◆ **ACTION ITEM**
Please output the line containing "d'une terrasse avec" and all lines that follow it in the data below, exactly, with no pictures.

◆ **PROVIDED DATA**
··········

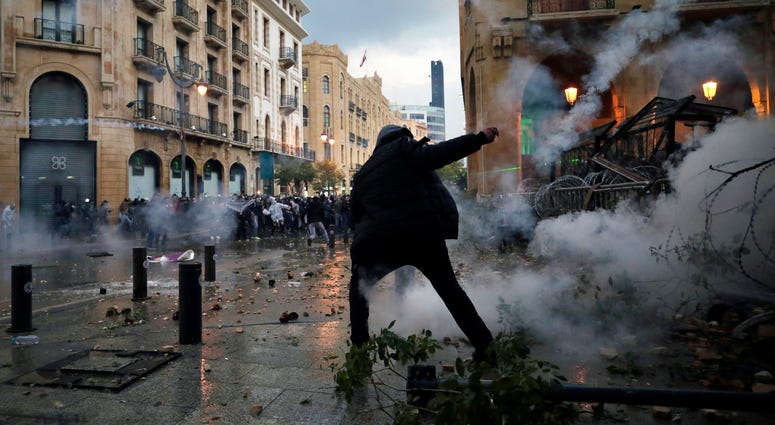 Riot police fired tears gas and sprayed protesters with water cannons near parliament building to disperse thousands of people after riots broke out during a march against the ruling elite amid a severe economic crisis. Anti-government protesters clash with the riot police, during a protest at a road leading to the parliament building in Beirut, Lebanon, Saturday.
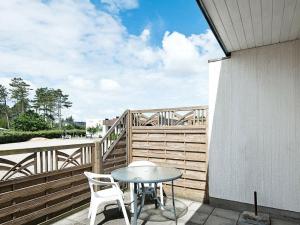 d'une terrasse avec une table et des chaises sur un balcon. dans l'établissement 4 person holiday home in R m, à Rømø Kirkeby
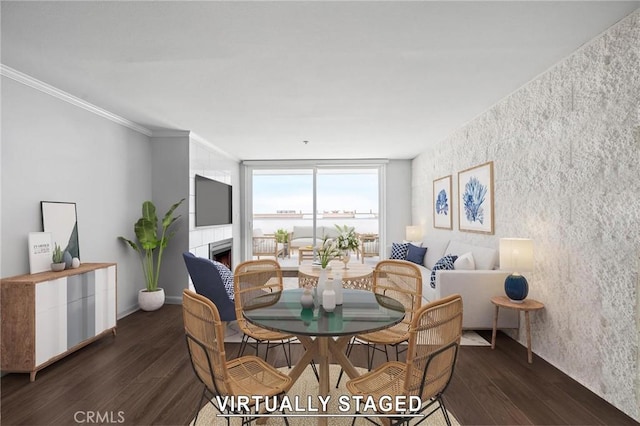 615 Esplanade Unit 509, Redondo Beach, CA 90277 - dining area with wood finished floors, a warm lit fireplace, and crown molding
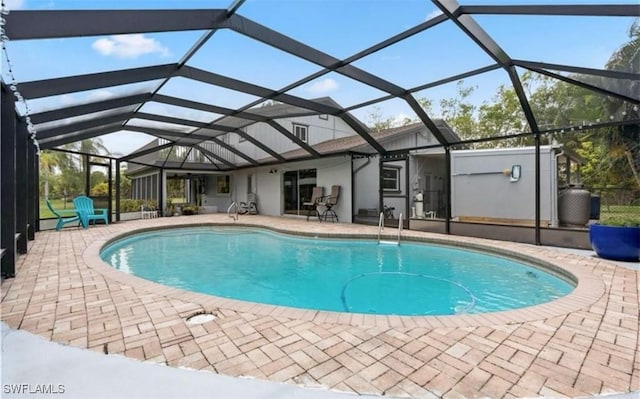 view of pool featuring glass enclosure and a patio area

··········

◆ **RESULT OF THE EXERCISE**
 d'une terrasse avec une table et des chaises sur un balcon. dans l'établissement 4 person holiday home in R m, à Rømø Kirkeby
 615 Esplanade Unit 509, Redondo Beach, CA 90277 - dining area with wood finished floors, a warm lit fireplace, and crown molding
 view of pool featuring glass enclosure and a patio area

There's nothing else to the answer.